Lighting A Flame In Space Could Help Fuels Burn More Cleanly On Earth | St. Louis Public Radio

Lighting A Flame In Space Could Help Fuels Burn More Cleanly On Earth

May 21, 2019

NASA scientists are lighting flames on the International Space Station to help a Washington University engineer learn how soot forms from fire.

The NASA Glenn Research Center in Cleveland, Ohio is conducting the flame experiments remotely. The space agency is sending data to researchers who are exploring ways to eliminate soot so that fuel can be burned more cleanly.

Scientists have debated how much the Earth’s gravity plays a role when fire creates soot, Washington University environmental engineering professor Richard Axelbaum said. Lighting flames in a location with little gravity could test their theories and help improve air quality on earth.

“If we’re trying to develop new approaches to trying to control pollutants, by better understanding the basic processes, we’ll be able to propose different approaches to doing that," Axelbaum said. 

The first phase of the six-month experiment will focus on gaining a basic understanding of how fire forms soot. The second will look at whether strong flames can be created without forming soot. The researchers at the NASA Glenn Center are lighting flames that are between one to four inches.

Astronaut Christina Koch helped researchers set up the apparatus used to light flames and send scientists data that could inform them how soot forms.
Credit NASA

While soot can be harmful to human health, it’s also useful as a material for some industries. The material carbon black, which results from the incomplete combustion of petroleum, is used to make tires. Knowing how flames create soot could also help ongoing research on carbon storage, Axelbaum said.


Flames behave differently when there’s a low presence of gravity.
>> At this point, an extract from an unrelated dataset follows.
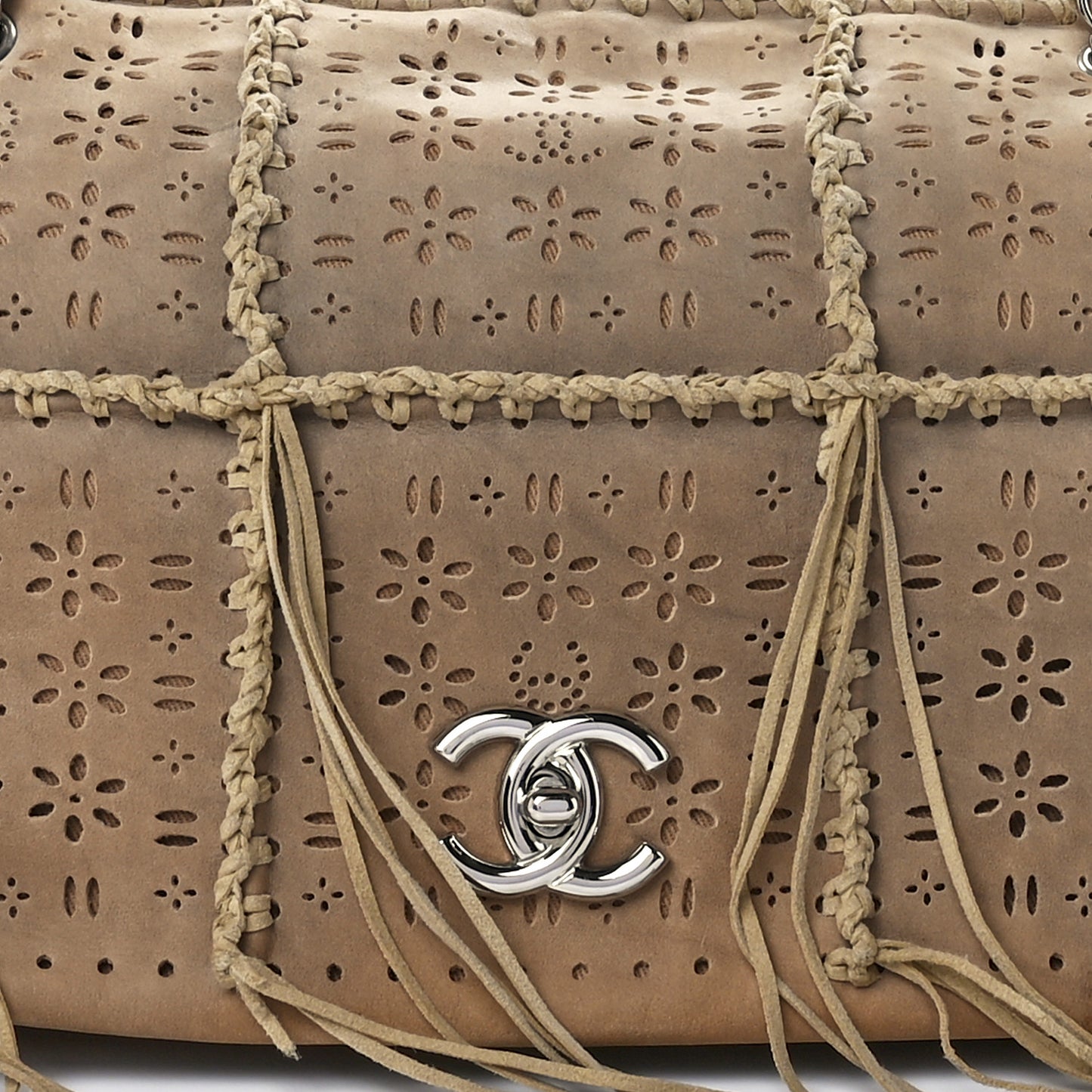 Suede Calfskin Perforated Fringe Flap Dark Beige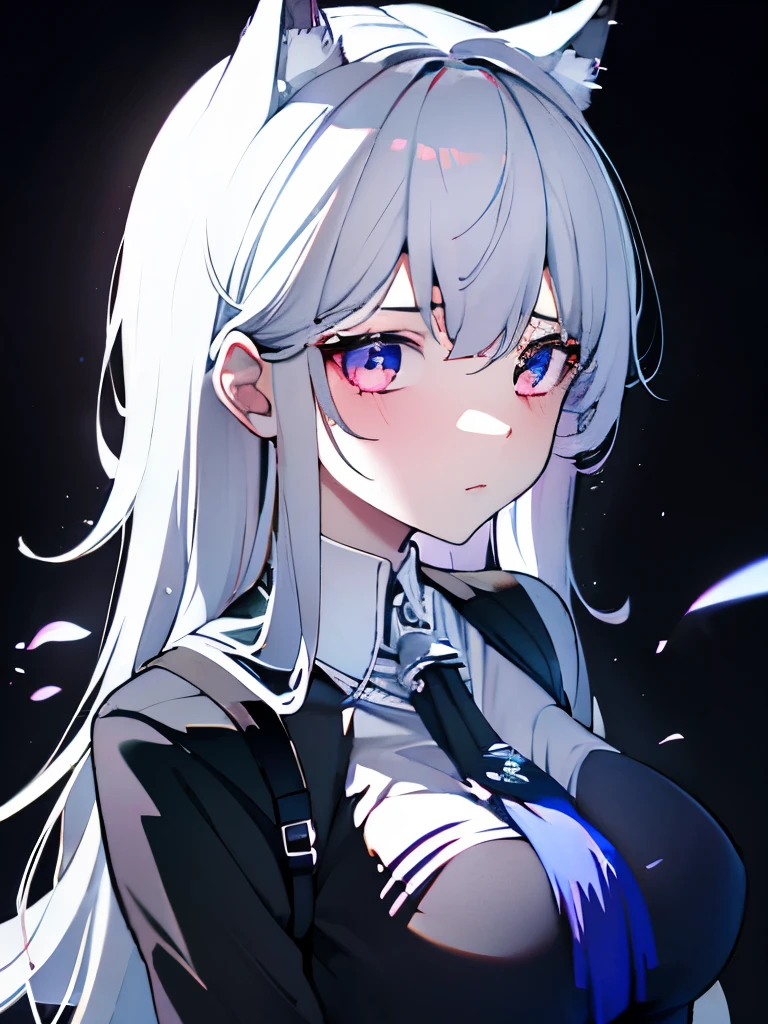 White Hair,Black Shirt,My face is hazy,Fleeting atmosphere,background,A little creepy atmosphere,Hollow Eyes,ennui,A girl around 18 years old,Mature,A languid atmosphere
On earth, the flames shoot straight up. In space, they form a sphere. Fires in space would also not spread as easily as they do on earth. When there's gravity, hot air rises, allowing cooler air to come in and fuel the combustion. In an environment that lacks gravity, there's less fresh air to fuel the flame, Axelbaum said. 

“Since it’s an environment that’s so different from what we’re used to, then our preconceived notions of what will happen are just off,” Axelbaum said. “What we’ve found already with these experiments [is] that there’s new phenomenon that we’re witnessing. The discovery of new knowledge is always important, and you don’t know where it’s going to go, but you have to be there to find out.”